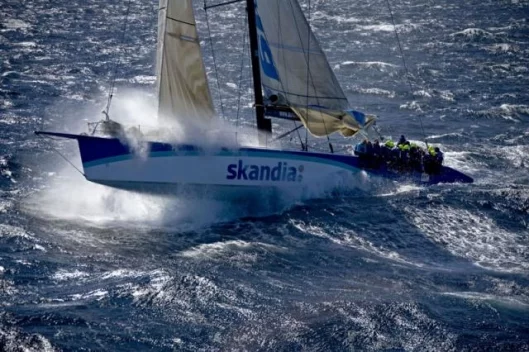 SKANDIA launches off a wave near Tasman Island Photo: Carlo Borlenghi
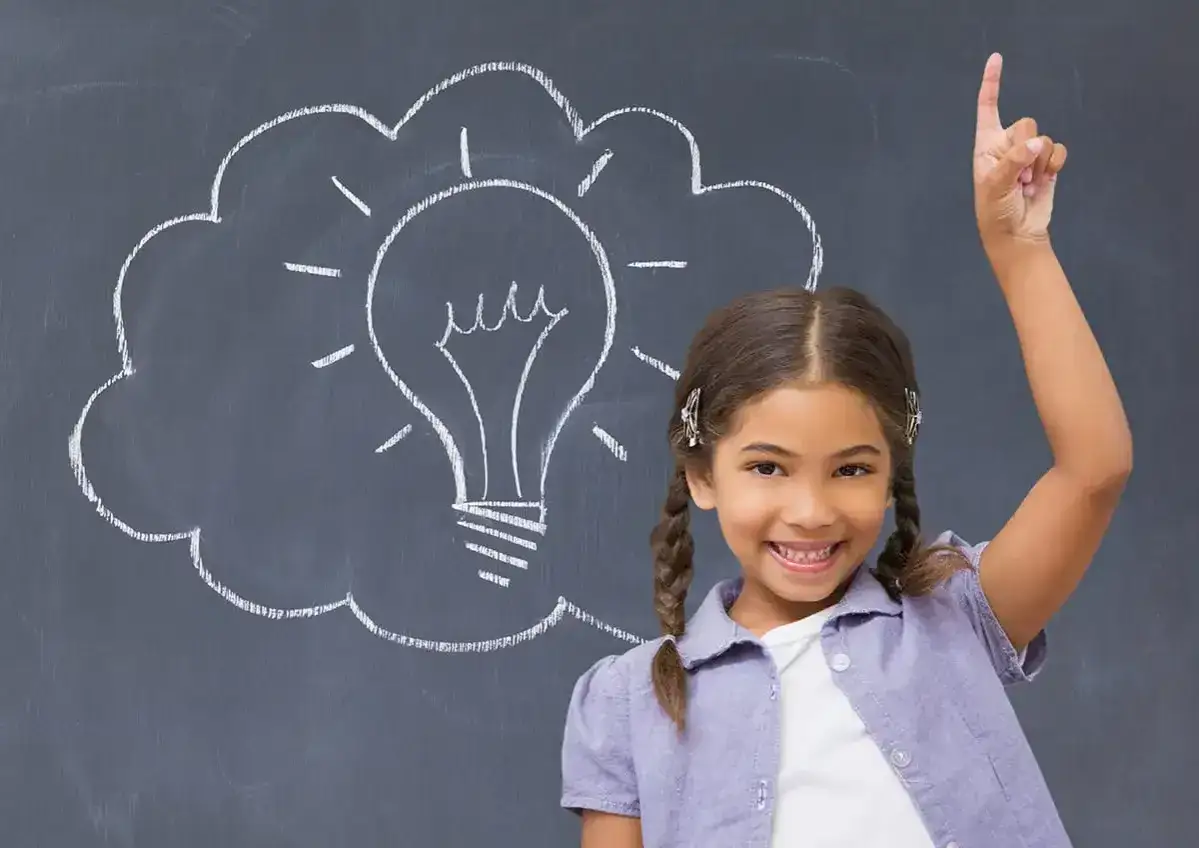 Uśmiechnięta dziewczynka z uniesionym palcem na tle tablicy z rysunkiem żarówki.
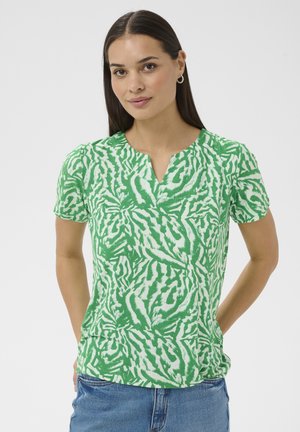 Kvinde med langt, mørkt hår iført grøn og hvid mønstret kortærmet top og blå jeans, stående med hænderne bag ryggen mod en hvid baggrund.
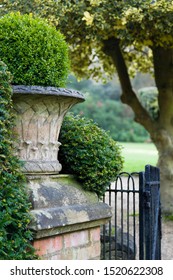 English Garden With A Victorian Stone Urn. England, UK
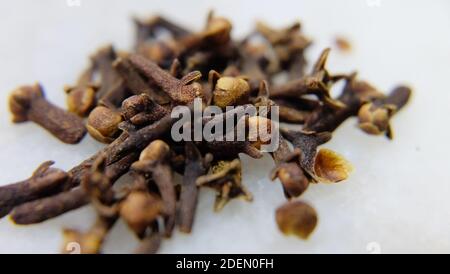 Close up of a pile of dry cloves. Stock Photo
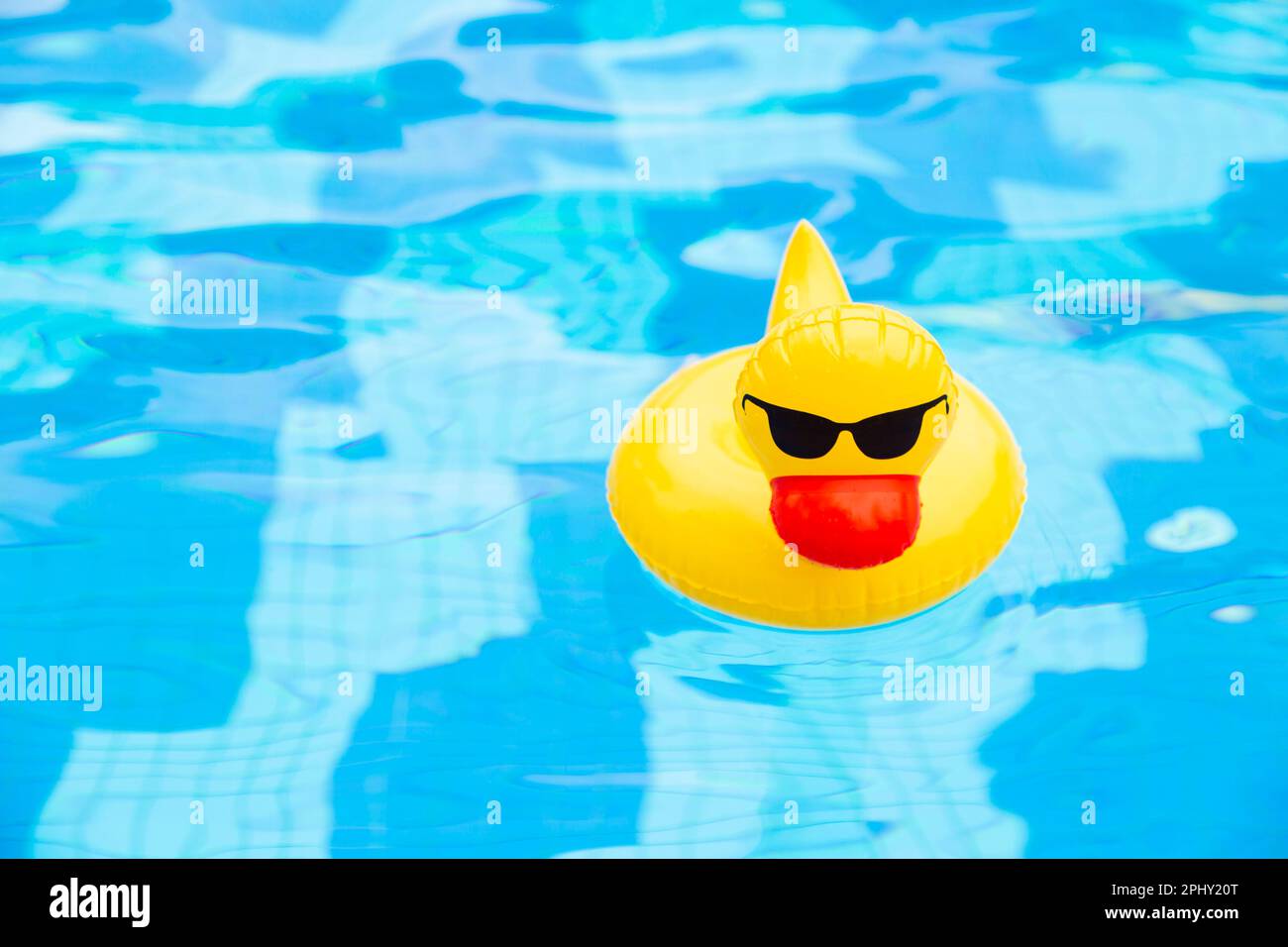 Anneau gonflable de canard flottant dans la piscine. Canard en plastique jaune avec lunettes de soleil Banque D'Images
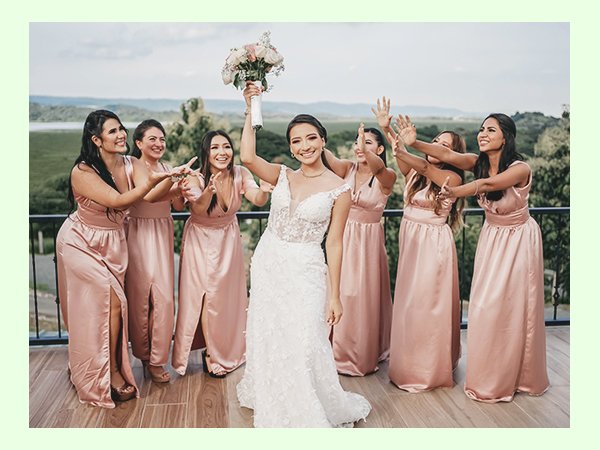Bride holding bouquet with bridesmaids in pink dresses celebrating on a balcony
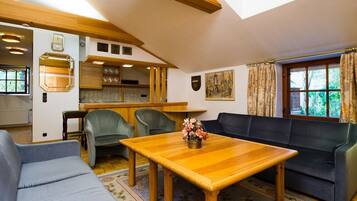 A cozy living room with a wooden table, a sofa, and a couch. There is a kitchen area with wooden cabinets and a window with curtains.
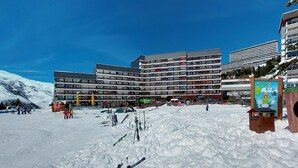 A multi-story hotel with a modern architectural design, featuring a ski slope in the foreground. - Chavière 832 by Interhome (Les Menuires)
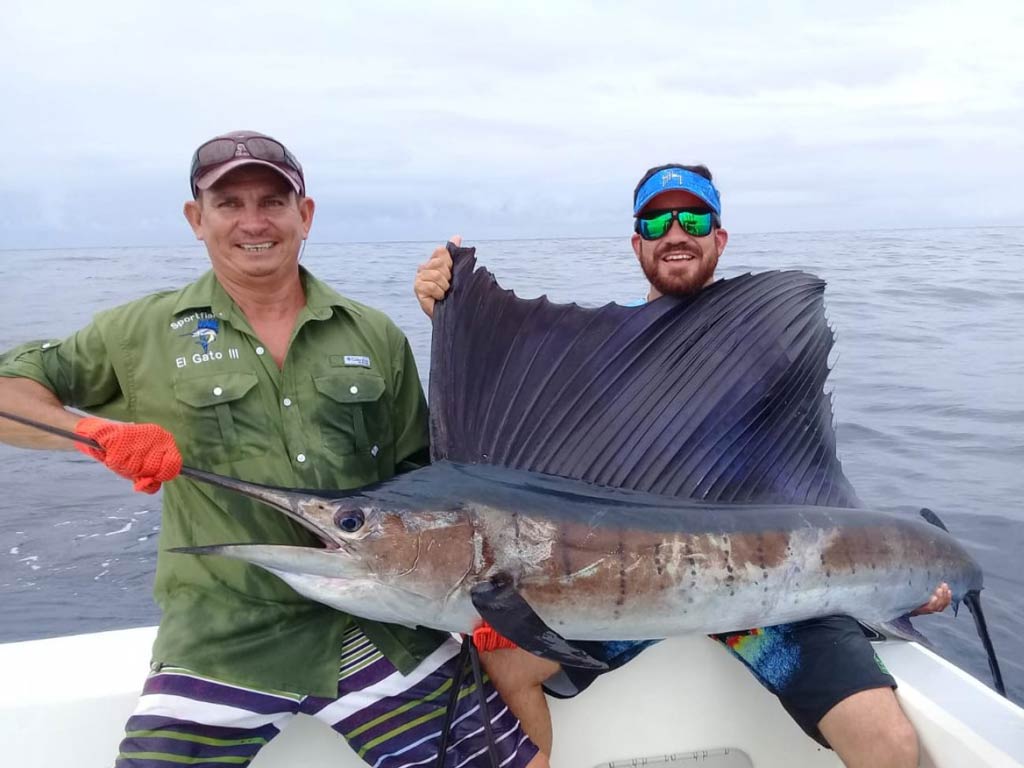 A photo of two anglers sitting on a charter fishing boat and holding big Sailfish caught during their angling trip in Boca Raton offshore fisheries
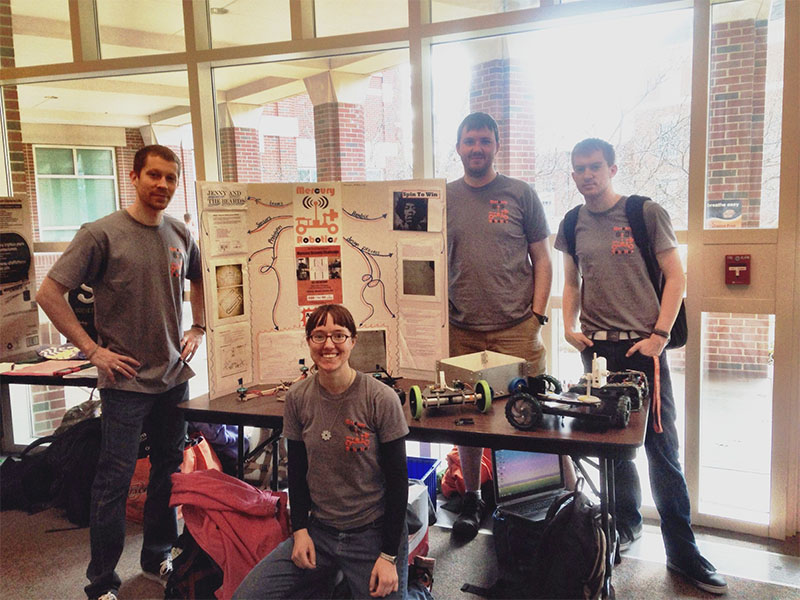 Students present a robotics project at an indoor display table with a poster board and small wheeled robots.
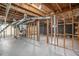 Unfinished basement space with exposed ceiling beams and concrete floors, ready to be customized at 3204 Robin Rd, Decatur, GA 30032
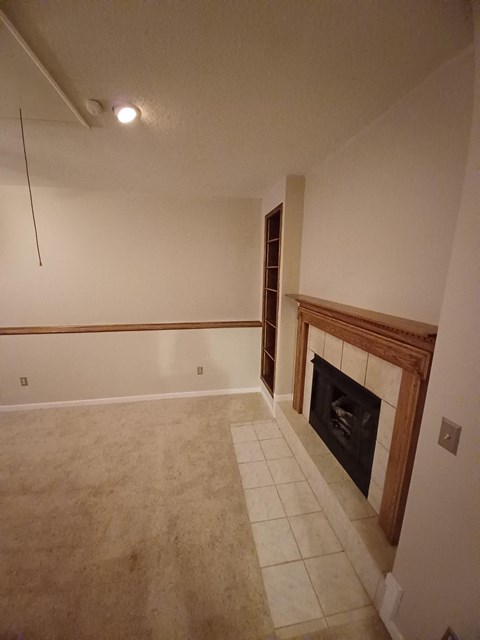 a living room with a fireplace and a tiled floor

===

**Task requirements**
Images aside, return each entry above precisely as it stands.

**Task output**
 SKANDIA launches off a wave near Tasman Island Photo: Carlo Borlenghi
 Uśmiechnięta dziewczynka z uniesionym palcem na tle tablicy z rysunkiem żarówki.
 Kvinde med langt, mørkt hår iført grøn og hvid mønstret kortærmet top og blå jeans, stående med hænderne bag ryggen mod en hvid baggrund.
 English Garden With A Victorian Stone Urn. England, UK
 Close up of a pile of dry cloves. Stock Photo
 Anneau gonflable de canard flottant dans la piscine. Canard en plastique jaune avec lunettes de soleil Banque D'Images
Bride holding bouquet with bridesmaids in pink dresses celebrating on a balcony
 A cozy living room with a wooden table, a sofa, and a couch. There is a kitchen area with wooden cabinets and a window with curtains.
 A multi-story hotel with a modern architectural design, featuring a ski slope in the foreground. - Chavière 832 by Interhome (Les Menuires)
 A photo of two anglers sitting on a charter fishing boat and holding big Sailfish caught during their angling trip in Boca Raton offshore fisheries
 Students present a robotics project at an indoor display table with a poster board and small wheeled robots.
 Unfinished basement space with exposed ceiling beams and concrete floors, ready to be customized at 3204 Robin Rd, Decatur, GA 30032
 a living room with a fireplace and a tiled floor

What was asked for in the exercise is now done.